EVP & GM CRM and Industry Workflows
John Ball
CRMと予測分析領域のエンタープライズソフトウェア開発において、25年以上の豊富な経験を持つ。米Salesforceに約10年間在籍し、「Einstein」ブランドのAIプラットフォーム事業を統括。また、Service Cloudの買収を含むカスタマーサービス事業を主導した。現在はServiceNowのCRM and Industry Workflowsを管掌するEVP(エグゼクティブ・バイス・プレジデント)兼GM(ジェネラル・マネージャー)を務める。

──今や多くの日本企業が利用しているCRMですが、ボールさんはその市場を創り上げてこられたキーパーソンの一人であるとうかがっています。まずは、これまでのご経歴と、CRMとの関わり、現状のCRM市場をどのようにご覧になられているのかについてお聞かせいただけますか?

ServiceNow ボール氏(以下、ボール氏):私自身、CRMとの関わりは約30年に及びます。私のキャリアは、BI製品のリーダー企業であった米Business Objectsから始まりました。プロダクトマネージャーとして、日本市場向けに製品をローカライズするプロジェクトをリードする機会があり、顧客体験を非常に大切にする日本の企業文化に触れ、とても素晴らしいと感じました。その経験が、CX向上に重点を置いたCRMを提供するという、私の思想の原点になっていると思います。

 次に、通信会社のウェブサービス向けにセルフサービス機能を提供するスタートアップを起業し、ここからCRMとの本格的な関わりが始まりました。その後、米SalesforceでのService Cloud事業やAI事業の立ち上げなどを経てServiceNowの一員になりました。

 過去30年間、CRMやAIの開発に深く関わってきた中で強く感じるのは、従来のCRMでは、CXの向上という本来の目的を十分に果たし切れないのではないかということです。これらのCRMは、お客様からのリクエストを効率よく受け付けるというフロントオフィス業務の最適化に特化しており、後続のミドル・バックオフィスが受け付けたリクエストを効率よく処理し、適切なサービスを迅速に提供するかという点については、あまり考えられていません。

──坪田さんは、日本市場におけるCRMの使われ方について、どのようにご覧になっていますか?

坪田氏
ServiceNow Japan合同会社
CRMワークフロー営業本部 本部長
坪田 駆
法人向けソフトウェア大手の日本オラクル、およびSAPジャパンで製造業の顧客向けの法人営業に従事。米SAP Labsに転籍し、顧客との共同ソフトウェア開発などの事業開発を主導する。
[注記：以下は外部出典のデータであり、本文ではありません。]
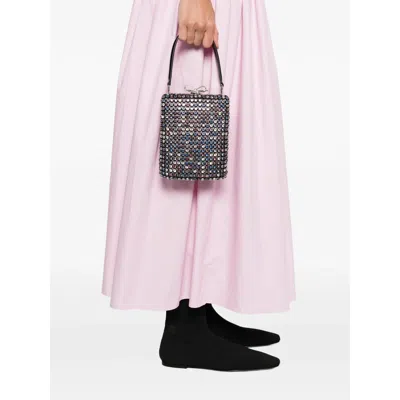 Self-portrait Mini Handbag With Multi-colored Crystal Surface And Bow Closure In Multi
その後、ServiceNowの米国本社の開発部門に所属し、CRM & Industry Workflowsの製品戦略とオペレーションを担務。2025年1月より日本における同事業の責任者を務める。

ServiceNow Japan 坪田氏(以下、坪田氏):ボールが言ったように、CRMは本来、お客様に良質なサービスを継続的に提供し、CXを向上するためのソリューションです。

 しかし、多くの日本企業は、残念ながらCRMを顧客の情報を管理するためだけの記録システムとしてしか利用されておらず、本来の価値を生かし切れていないのが実情です。

 なぜそうなっているのかと言えば、従来のCRMが静的な情報の管理やフロントオフィス業務の効率化のみに最適化され、本来、顧客サービスの遂行において課題の大きいミドルオフィス業務やバックオフィス業務のサイロで分断されたプロセスを自動化したり、効率化するような仕組みになっていないからです。

 我々ServiceNowはこの課題を解決すべく、10年ほど前から“CRMの再定義”を行ってきました。CRMの本来の価値を問いながら、あるべき姿を形にしてきたのです。